When you reach the line that contains "MS MOBILE Power" below, transcribe it and each line after it word for word to the end of the records, omitting pictures.

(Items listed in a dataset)
___
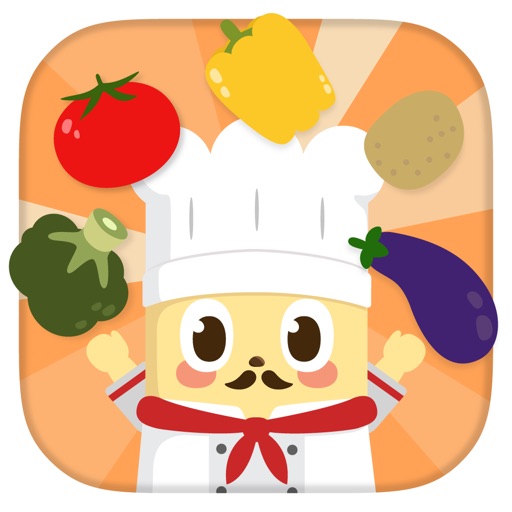 Jobi's Bistro icon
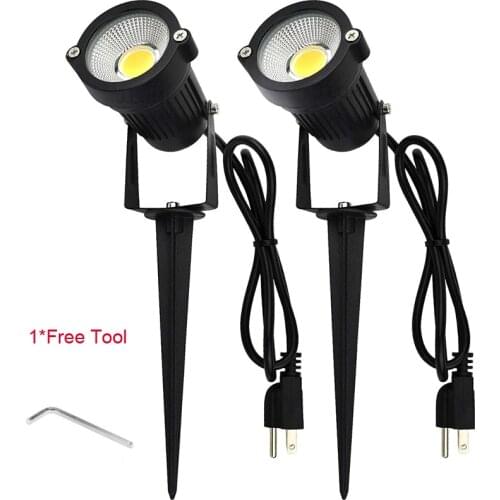 Наружное освещение LIGHTLUST China At AliExpress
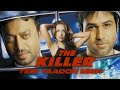 HIbbaki Dj Club House Remix The Killer Nisha Kothari Emraan Hashmi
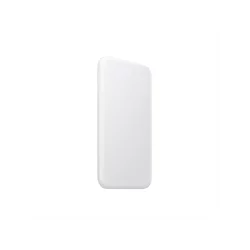 MS MOBILE Power Bank MagSafe Air 22.5W + wireless 15W 4000mAh beli
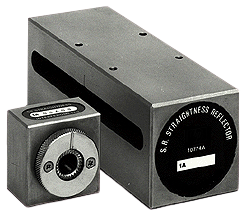 Agilent/Keysight 10774A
___
• _Solution below_:
 MS MOBILE Power Bank MagSafe Air 22.5W + wireless 15W 4000mAh beli
 Agilent/Keysight 10774A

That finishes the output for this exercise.